Mexico Makes Calender Return

It has been a project in the pipeline for a while, but speculation in regards to the return of the Mexican Grand Prix will now close, as Bernie Ecclestone announced yesterday that the nation’s capital will host a race in 2015. The Autodromo Hermanos Rodriguez has been absent from the calender for 23 years, yet is a real driver’s circuit which has many challenges. Does this announcement show the new direction of Formula One is to return to the popular ‘old-school’ venues, following the return of the Austrian Grand Prix this season and now, the addition of Mexico for 2015?

‘Old-School’ Venue

23 years is a long time in any sport, but especially in the ever-changing world of Formula One. At the last Mexican Grand Prix in 1992, Nigel Mansell snatched victory in his Williams FW14B – a dominant car at the heart of the active suspension debate. Back then, circuits were far more challenging and unforgiving, lacking the expansive tarmac run-offs which are a cornerstone of circuit safety in the modern era. Unquestionably, the circuit will undergo some safety alterations and the modern amenities of pit garages and state-of-the-art grandstands will have to be established in he next year. As for the layout of the circuit, very little needs changing.
A quick glance at a track map immediately highlights the challenges that the Autodromo Hermanos Rodriguez beholds – a long pit straight is coupled with a tight and technical sector two, followed by an awe-inspiring last corner which should test drivers to their limits. Even the talents of Ayrton Senna were not enough to keep his McLaren within the bounds of the circuit at this infamous Turn 14 in 1991, during a practice session. This is perhaps one area of the circuit which will have to be sanitised, but lets hope that the corner maintains its challenging nature, while keeping driver safety as the main priority. 

Good Timing

In business terms, this is perhaps the perfect time for the Mexican Grand Prix to make a return to the calender.
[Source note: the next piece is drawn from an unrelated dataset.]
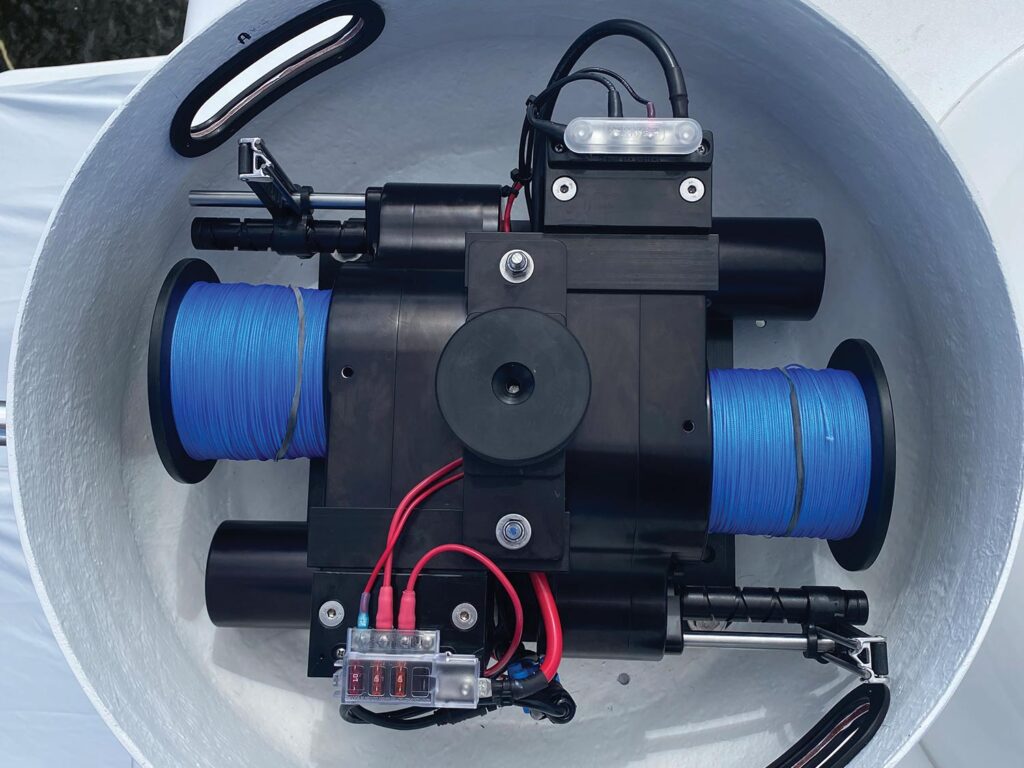 Electric fishing reel mount enclosure.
Fan interest can be generated by the fact that they currently have two drivers in the sport, with both Esteban Gutierrez and Sergio Perez applying their trade at the pinnacle of motorsport. Meanwhile, the current popularity of the US Grand Prix with Mexican fans suggests that turnout in Mexico City will be strong. After all, ticket sales are key to a Grand Prix’s success – just ask the organisers of the Turkish and Korean Grand Prix’s.
The Mexican Grand Prix and the US Grand Prix fit together perfectly and will likely form back to back races, as this will be far cheaper for the teams and easier on logistics departments. Consequently, the race will likely take a slot which is towards the end of the season and could be the scene of a key moment in the title race, should circumstances arise. Putting Mexico on the sporting map is key and clearly, the government are keen to reach this objective in the near future.